Since SIU is geographically distant from major theatre markets—it’s a two-hour drive from St. Louis and a five-hour drive from Chicago—it is difficult to invite literary mangers, directors, and producers to in-person productions. The streaming nature of this year’s festival made it far more likely that theatremakers anywhere could be introduced to SIU graduate students’ writing.
As I move into the planning phases for the 2022 festival with the hope that SIU can return to in-person theatre, I nevertheless do not want to lose the benefits of virtual new play development. A hybrid festival in which in-person performances are simultaneously streamed online would maintain the ability for audiences anywhere to engage with SIU’s new plays, as would creating an OBS/Zoom-style performance in addition to a live production. The latter option, while adding work since it would essentially require two productions, also retains the ability to work with artists regardless of geography. A third consideration might be an in-person festival that is streamed online, and a class assignment during development that utilizes technology to create an ensemble not bound by location. One thing is certain: after discovering the rewards of online new play development, I will not, as a professor, simply let these perks go when SIU returns to in-person theatre.

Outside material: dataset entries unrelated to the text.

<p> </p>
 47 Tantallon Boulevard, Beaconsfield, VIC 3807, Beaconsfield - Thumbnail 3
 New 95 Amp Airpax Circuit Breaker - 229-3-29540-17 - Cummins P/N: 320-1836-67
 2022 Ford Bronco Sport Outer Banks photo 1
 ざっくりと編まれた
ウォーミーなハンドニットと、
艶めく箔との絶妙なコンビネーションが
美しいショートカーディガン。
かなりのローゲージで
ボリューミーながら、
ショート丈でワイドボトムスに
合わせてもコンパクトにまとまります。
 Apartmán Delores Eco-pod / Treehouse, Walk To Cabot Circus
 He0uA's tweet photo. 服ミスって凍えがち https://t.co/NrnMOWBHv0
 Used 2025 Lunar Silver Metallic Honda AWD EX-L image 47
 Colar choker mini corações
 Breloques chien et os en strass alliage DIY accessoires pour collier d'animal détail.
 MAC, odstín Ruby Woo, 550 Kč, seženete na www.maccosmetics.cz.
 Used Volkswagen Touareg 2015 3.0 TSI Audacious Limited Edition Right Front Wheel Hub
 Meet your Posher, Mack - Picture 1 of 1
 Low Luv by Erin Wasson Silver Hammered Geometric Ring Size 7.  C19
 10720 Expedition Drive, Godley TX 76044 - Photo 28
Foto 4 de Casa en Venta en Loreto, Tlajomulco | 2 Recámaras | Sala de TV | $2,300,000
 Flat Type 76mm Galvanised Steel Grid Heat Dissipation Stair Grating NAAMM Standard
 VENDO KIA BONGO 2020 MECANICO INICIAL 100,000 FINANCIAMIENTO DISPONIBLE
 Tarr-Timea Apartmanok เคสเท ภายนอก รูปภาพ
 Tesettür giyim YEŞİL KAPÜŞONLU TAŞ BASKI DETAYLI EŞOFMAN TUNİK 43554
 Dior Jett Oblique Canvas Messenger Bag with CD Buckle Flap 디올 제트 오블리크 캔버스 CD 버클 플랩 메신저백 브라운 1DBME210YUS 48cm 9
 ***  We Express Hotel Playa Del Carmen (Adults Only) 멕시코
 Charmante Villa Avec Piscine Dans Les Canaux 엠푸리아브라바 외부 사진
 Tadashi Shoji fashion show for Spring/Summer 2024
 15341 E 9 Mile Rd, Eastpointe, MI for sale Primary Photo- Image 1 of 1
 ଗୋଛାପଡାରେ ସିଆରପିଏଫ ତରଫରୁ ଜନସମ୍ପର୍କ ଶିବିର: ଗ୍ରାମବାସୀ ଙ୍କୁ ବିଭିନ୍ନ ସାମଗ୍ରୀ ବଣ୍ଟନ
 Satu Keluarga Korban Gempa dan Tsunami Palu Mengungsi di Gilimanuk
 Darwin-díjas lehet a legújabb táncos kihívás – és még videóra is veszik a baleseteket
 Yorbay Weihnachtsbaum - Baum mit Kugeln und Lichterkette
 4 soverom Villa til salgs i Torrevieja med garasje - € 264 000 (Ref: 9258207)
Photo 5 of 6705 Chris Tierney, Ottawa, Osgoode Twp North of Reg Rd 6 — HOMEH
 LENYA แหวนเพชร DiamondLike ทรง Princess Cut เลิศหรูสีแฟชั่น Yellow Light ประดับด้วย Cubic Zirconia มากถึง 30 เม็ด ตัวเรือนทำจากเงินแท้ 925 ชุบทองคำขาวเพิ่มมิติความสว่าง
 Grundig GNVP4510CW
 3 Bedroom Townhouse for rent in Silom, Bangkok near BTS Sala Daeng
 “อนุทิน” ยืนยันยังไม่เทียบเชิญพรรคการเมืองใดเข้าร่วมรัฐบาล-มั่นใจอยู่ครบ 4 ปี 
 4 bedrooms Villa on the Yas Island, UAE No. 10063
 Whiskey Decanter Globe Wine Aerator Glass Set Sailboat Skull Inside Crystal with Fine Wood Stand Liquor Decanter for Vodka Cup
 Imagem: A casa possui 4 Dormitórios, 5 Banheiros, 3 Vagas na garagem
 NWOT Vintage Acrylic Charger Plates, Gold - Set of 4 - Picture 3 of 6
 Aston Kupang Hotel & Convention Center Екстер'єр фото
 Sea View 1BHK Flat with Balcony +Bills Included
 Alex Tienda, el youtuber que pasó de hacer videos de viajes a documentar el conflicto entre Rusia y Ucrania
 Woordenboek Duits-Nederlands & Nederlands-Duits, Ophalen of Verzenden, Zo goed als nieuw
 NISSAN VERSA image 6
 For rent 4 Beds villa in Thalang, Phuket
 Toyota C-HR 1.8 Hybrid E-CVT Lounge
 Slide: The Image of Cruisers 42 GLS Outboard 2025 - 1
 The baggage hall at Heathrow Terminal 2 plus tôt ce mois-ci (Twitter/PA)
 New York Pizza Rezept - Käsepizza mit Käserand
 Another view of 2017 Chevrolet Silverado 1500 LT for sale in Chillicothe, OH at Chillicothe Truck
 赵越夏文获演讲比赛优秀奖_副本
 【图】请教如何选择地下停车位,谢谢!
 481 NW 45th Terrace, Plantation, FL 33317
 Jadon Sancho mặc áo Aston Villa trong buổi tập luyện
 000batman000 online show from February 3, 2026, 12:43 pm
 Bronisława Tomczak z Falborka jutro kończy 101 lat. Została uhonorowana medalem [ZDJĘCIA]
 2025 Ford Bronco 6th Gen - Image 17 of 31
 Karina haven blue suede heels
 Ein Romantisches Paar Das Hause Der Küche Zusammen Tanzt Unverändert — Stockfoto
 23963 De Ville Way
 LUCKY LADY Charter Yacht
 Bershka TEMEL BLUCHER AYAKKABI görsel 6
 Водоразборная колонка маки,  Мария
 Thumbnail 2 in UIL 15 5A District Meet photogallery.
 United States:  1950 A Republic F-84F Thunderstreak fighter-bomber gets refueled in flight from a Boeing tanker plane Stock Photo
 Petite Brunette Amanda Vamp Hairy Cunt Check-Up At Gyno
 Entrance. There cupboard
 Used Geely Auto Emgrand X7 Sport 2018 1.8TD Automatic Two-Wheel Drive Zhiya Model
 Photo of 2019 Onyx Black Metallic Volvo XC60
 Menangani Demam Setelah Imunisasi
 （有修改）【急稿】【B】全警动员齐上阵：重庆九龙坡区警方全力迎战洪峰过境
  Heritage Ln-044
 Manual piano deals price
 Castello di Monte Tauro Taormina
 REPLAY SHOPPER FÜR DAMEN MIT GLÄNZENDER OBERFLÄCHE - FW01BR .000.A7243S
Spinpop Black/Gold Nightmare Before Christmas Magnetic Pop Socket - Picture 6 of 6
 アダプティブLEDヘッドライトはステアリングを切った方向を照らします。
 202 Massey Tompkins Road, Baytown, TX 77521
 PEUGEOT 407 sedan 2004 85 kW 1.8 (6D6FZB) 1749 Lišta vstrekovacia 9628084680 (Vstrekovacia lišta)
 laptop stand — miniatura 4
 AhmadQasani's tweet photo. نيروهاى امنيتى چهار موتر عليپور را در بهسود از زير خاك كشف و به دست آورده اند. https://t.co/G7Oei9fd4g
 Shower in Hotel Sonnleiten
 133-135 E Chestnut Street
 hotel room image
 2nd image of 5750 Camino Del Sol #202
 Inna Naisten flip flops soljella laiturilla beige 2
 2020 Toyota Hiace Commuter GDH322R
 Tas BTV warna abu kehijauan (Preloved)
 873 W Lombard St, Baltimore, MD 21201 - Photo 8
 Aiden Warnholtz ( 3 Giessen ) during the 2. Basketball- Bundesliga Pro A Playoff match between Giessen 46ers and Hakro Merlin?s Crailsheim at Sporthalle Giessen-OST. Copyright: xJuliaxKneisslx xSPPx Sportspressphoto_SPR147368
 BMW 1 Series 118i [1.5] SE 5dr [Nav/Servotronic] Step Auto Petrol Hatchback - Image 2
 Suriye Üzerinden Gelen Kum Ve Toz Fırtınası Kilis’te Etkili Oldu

While the disadvantages of online new play development remain clear—it is difficult to tell how a joke lands without a live audience, for example, or if a script’s final line lets the audience know it’s time to clap—the year-long experiments of the playwriting program at SIU reveal clear advantages. In a moment when access and privilege are being reassessed by the theatre community, the ability to use streaming platforms for new play development turns out to be a powerful tool for rural students to collaborate nationwide and abroad and to gain international exposure.